WHAT YOU WILL DO.
Here the job is to copy the data exactly and to exclude every image from it.

PROVIDED MATERIAL.
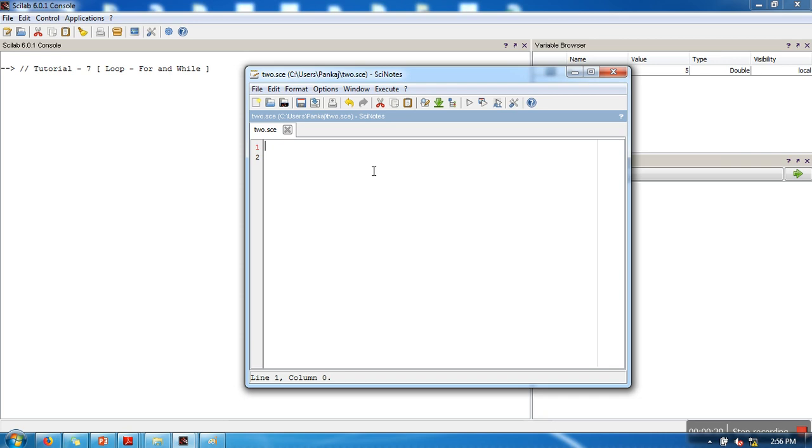The constructs for loop and while loop are used when you want to execute a particular statement a number of times. Let's take a simple case - let's say we want to print values from 1 to 10. In the previous tutorial we have seen that colon operator can be used to generate a vector.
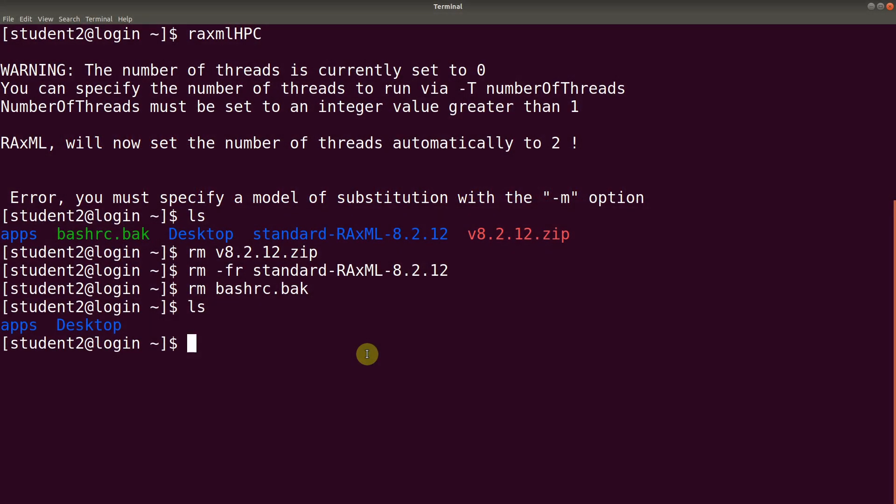So this is how we install and configure and then run RaxML in a Linux environment. In future videos I will show you how you can use RaxML to perform your phylogenetic analysis. So stay tuned for that. And with that I will say thank you for watching this video and I will see you in the next session. Goodbye.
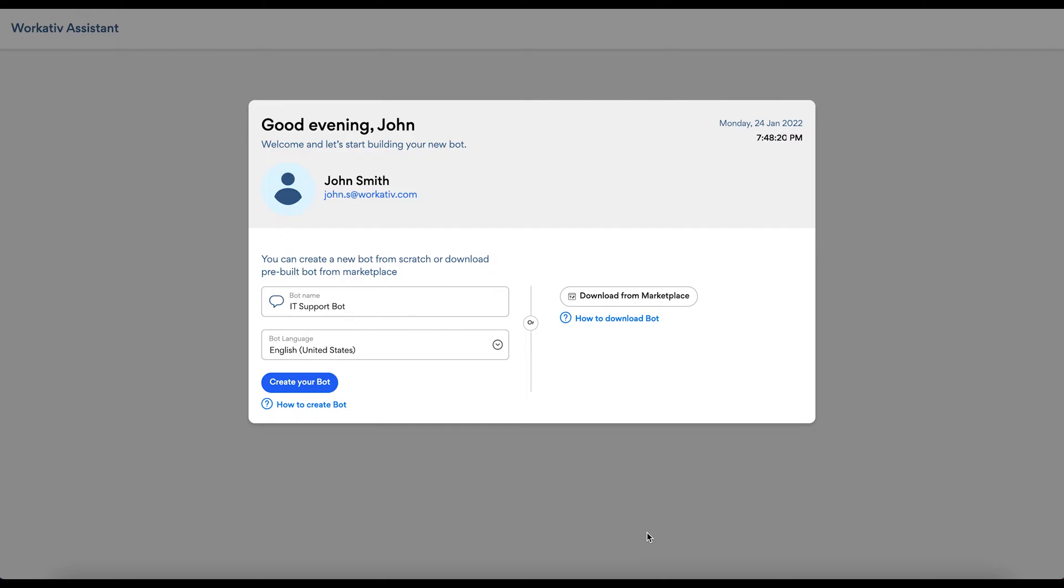Now let's go through the second part and see how to get your ServiceDesk Plus bot.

ANSWER TO THIS TASK.
The constructs for loop and while loop are used when you want to execute a particular statement a number of times. Let's take a simple case - let's say we want to print values from 1 to 10. In the previous tutorial we have seen that colon operator can be used to generate a vector.
So this is how we install and configure and then run RaxML in a Linux environment. In future videos I will show you how you can use RaxML to perform your phylogenetic analysis. So stay tuned for that. And with that I will say thank you for watching this video and I will see you in the next session. Goodbye.
Now let's go through the second part and see how to get your ServiceDesk Plus bot.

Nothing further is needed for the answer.